Contractor cries foul after city rescinds contract
By Adam Hocking
MARSHFIELD — A local contractor is upset after the city initially accepted the company’s bid for work on the Everett Roehl Marshfield Public Library and Community Center project but then rebid the work and awarded it to a different business.
The bidding process for the new library and community center has been bumpy, with many aspects of the project rebid multiple times in 2015 for various reasons, including once because bids were based on a project that was 6,000-square-feet larger than plans originally intended.
After going through the rebidding process three times, Carl’s Landscape Service Inc. of Arpin was awarded the bid for landscape work on the library and community center project in September of 2015. The bid was for $41,340.
However, on April 18 of this year, that contract was rescinded by the city’s board of public works, and on May 2 the board approved motions to rebid — for a fourth time — the landscape contract and “to find that Carl’s Landscape Service Inc. is not a responsible bidder due to their past history with the city of Marshfield, showing their inability to submit the required contract, bonds, and proof of insurance within required timeframes,” according to city documents.
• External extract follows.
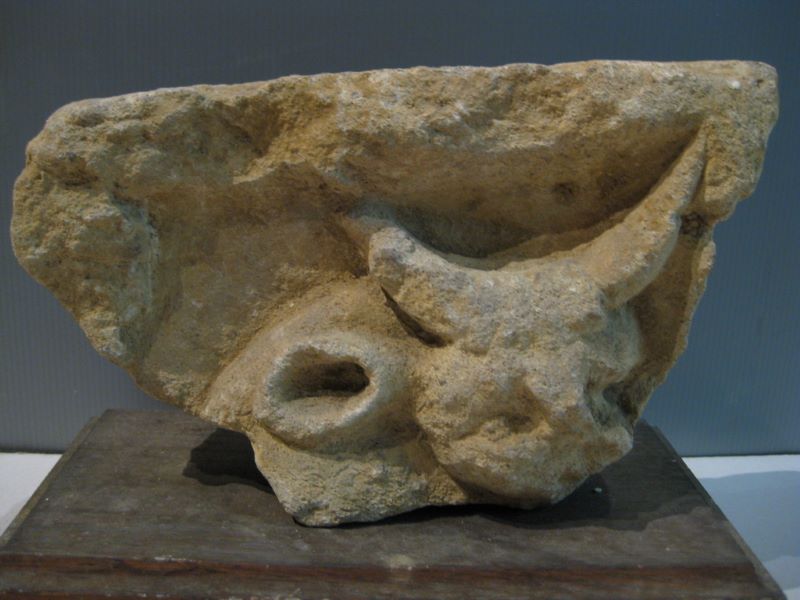 bucrâne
On Monday the board of public works voted to approve a bid by Central Wisconsin Landscape for the work at a bid price of $47,617. Carl’s Landscape’s bid was not opened by the city in the latest round of bidding.
“Their inability to provide the contract documents within the time frame required calls into question, for me at least, their ability to complete tasks on time,” Director of Public Works Dan Knoeck said at the May 2 meeting. He added that in September of 2015 Carl’s Landscape was notified that the company was awarded the bid and asked to return “contract documents” within 20 days. As of April 1, 2016, Carl’s Landscape still had not submitted the documents. The city then mailed Carl’s Landscape a notice that the contract would be rescinded, and shortly thereafter Carl’s Landscape sent in the contract documents, according to Knoeck.
“They were complete however seven months late, and that’s certainly not the kind of action you’d expect out of a responsible bidder,” Knoeck said. A similar scenario, Knoeck added, played out between the city and Carl’s Landscape in 2009 with the construction of the new fire station, but the city did not ultimately rescind the contract in that case.
Darrell Kasner, the president and owner of Carl’s Landscape, spoke at the June 6 public works meeting, saying that he was “puzzled” by the board’s action and felt mistreated.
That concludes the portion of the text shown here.